All who believe in Jesus will be there of course, saved by God’s amazing grace. But, as Jesus says “...the last will be first, and the first will be last.” (Matthew 20:16)

So, to find your gift, first, participate in a ministry and find out if it fits and second, listen to what other Christians tell you. Third, pray and really ponder God’s Word.

I began to suspect I had the gift of teaching when, as I considered the words of Bible, I found myself standing up, pacing around, struggling to find ways to teach others what God was teaching me in His Word.

I never wanted to be a pastor. Never. In fact, when I was growing up, my grandfather, to whom I was close, always warned me to stay away from pastors. "They're all lazy," he told me. "They work one day a week and then want to take your money for it." He told me about pastors he'd known who he said had basically run easy money-making rackets, but really didn't care about God or people.

So, I really didn't want to be a pastor. I had other plans.

But, increasingly, I sensed God telling me--and mature Christians were confirming--“This is My gift to you. This is your calling. This is what I made you for. This is your obligation to Me and to the Church.”

I tried to say, “No.” But God would not let me go.

When I finally bowed to God’s will and recognized the gift that He was giving to me for the good of Christ’s Church, I felt a great burden lifted from me. I told a friend, who was also wrestling with his place in God's kingdom, “It’s like a boulder’s been taken from my shoulder.” I felt that way even though I was working two jobs in order to go to school and support our household. I remember one night being in the stock room of Sears, where I'd taken a part-time job and just praying, "Thank You, God" for finally showing me how He wanted me to use my gifts to His glory!

Look: It isn’t just preachers who are given gifts or calls from God.

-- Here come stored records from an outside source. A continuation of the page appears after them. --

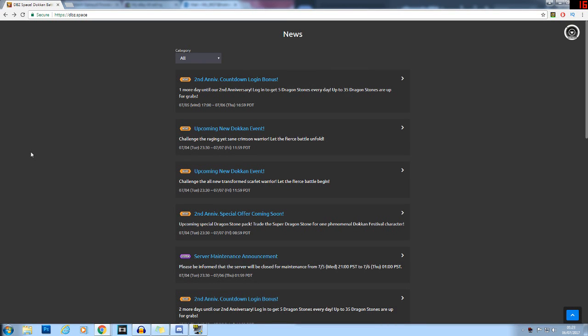On global we are still in the countdown period for the Super Saiyan 4s, which should be coming out tomorrow in a few hours. Basically we still have another day and a few hours to go before the event actually comes out.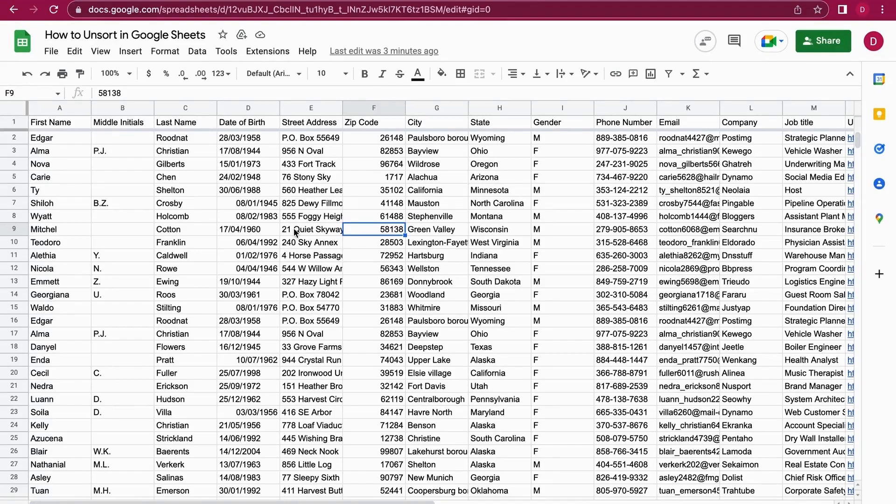Hello, this is Daniel from Trusted Tutorials and today we're going to have a look at how to unsort in Google Sheets. For this purpose, I'm using a list of names and addresses.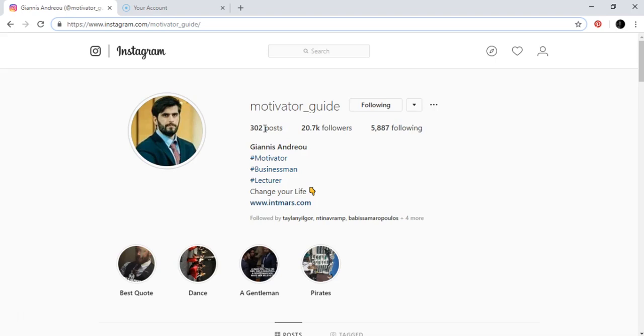I'm going to show you an account here that is actually my personal account.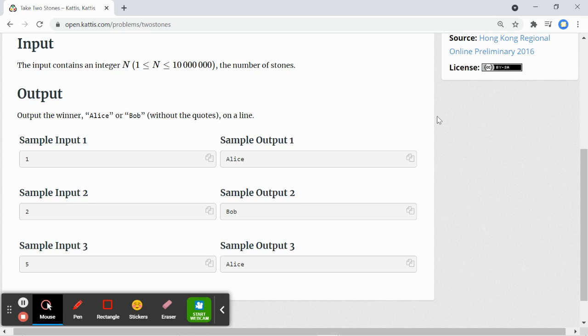To simplify this, if the input is even, then it will output Bob. If the input is odd, then it will output Alice. Let's start coding.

As a baptized believer in Christ, you’re part of Christ’s body, the Church. You have an indispensable gift and calling from God. God has given you your gifts and your life experiences to be used by God in the ministries of the Church in this time, in this place, in this congregation. Truly, if you don't exercise your spiritual gifts, the special calling God has just for you will not get done. And that would be tragic!

So, please, if you feel that don’t have a gift or have never sought to find it, begin praying today that God will help you find your gift. Risk failure by trying a ministry in which you’ve not been involved before. Listen to the wisdom of fellow Christians. Pray and ponder God’s Word.

Your spiritual gift given to you by God, for the good of the Church and the glory of God, is just waiting to be unwrapped. Amen

[Blogger Mark Daniels is pastor of Living Water Lutheran Church in Centerville, Ohio.]